Short web captions
..........
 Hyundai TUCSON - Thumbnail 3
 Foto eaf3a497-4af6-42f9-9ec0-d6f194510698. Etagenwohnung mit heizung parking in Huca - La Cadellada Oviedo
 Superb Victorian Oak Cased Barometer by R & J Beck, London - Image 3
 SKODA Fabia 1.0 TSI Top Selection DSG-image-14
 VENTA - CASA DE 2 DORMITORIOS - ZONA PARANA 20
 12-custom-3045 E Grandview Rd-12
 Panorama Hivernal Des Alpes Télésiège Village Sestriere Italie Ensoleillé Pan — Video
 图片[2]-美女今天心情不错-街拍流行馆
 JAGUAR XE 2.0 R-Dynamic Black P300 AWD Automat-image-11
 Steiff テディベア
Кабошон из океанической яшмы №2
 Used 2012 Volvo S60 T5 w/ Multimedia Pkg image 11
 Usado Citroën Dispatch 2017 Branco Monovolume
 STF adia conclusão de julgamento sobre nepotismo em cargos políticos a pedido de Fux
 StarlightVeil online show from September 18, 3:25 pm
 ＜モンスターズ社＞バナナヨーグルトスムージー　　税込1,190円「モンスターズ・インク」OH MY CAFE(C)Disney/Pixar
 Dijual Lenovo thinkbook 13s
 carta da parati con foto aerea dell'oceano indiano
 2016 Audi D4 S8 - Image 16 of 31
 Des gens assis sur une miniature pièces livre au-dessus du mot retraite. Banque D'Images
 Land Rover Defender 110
..........
**Work task**
Quote, with nothing altered, all lines from the start of the entries to the line that carries "Panorama Hivernal Des", inclusive.

**Task result**
 Hyundai TUCSON - Thumbnail 3
 Foto eaf3a497-4af6-42f9-9ec0-d6f194510698. Etagenwohnung mit heizung parking in Huca - La Cadellada Oviedo
 Superb Victorian Oak Cased Barometer by R & J Beck, London - Image 3
 SKODA Fabia 1.0 TSI Top Selection DSG-image-14
 VENTA - CASA DE 2 DORMITORIOS - ZONA PARANA 20
 12-custom-3045 E Grandview Rd-12
 Panorama Hivernal Des Alpes Télésiège Village Sestriere Italie Ensoleillé Pan — Video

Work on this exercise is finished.